# Try it:
Take from the material every line that contains the word "Fire".

# Supplied material:
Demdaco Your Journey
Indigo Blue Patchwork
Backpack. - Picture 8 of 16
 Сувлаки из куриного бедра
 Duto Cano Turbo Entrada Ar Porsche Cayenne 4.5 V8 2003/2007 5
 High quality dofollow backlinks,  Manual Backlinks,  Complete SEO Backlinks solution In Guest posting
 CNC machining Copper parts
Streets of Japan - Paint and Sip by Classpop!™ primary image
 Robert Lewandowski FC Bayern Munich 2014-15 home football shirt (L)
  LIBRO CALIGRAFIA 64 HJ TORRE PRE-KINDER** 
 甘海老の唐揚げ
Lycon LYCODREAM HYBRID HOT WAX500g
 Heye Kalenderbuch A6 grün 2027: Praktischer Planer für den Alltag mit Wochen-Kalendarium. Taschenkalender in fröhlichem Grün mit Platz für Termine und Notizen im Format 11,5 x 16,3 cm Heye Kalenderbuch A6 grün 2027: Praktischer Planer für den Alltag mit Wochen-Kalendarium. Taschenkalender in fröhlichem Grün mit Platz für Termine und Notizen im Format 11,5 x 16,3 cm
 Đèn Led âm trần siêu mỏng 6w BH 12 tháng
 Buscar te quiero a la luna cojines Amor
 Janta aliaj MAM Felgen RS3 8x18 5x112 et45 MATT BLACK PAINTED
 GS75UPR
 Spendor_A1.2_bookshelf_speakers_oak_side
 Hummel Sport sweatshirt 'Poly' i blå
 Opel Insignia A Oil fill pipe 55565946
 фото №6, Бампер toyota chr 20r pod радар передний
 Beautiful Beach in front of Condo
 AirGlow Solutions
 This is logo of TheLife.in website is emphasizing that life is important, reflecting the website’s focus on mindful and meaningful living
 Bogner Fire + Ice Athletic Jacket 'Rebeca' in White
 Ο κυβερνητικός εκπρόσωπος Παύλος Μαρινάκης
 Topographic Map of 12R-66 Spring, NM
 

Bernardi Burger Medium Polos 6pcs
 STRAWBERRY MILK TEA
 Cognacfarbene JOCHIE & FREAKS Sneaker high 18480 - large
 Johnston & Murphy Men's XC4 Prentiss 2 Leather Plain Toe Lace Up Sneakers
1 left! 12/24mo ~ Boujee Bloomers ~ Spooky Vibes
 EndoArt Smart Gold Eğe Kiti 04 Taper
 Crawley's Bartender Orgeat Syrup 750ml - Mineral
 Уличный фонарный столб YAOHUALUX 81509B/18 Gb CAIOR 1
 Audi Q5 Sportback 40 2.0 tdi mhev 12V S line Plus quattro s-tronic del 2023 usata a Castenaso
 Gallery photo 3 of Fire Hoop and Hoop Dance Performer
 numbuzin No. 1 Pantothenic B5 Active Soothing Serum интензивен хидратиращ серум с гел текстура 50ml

# Response to this exercise:
 Bogner Fire + Ice Athletic Jacket 'Rebeca' in White
 Gallery photo 3 of Fire Hoop and Hoop Dance Performer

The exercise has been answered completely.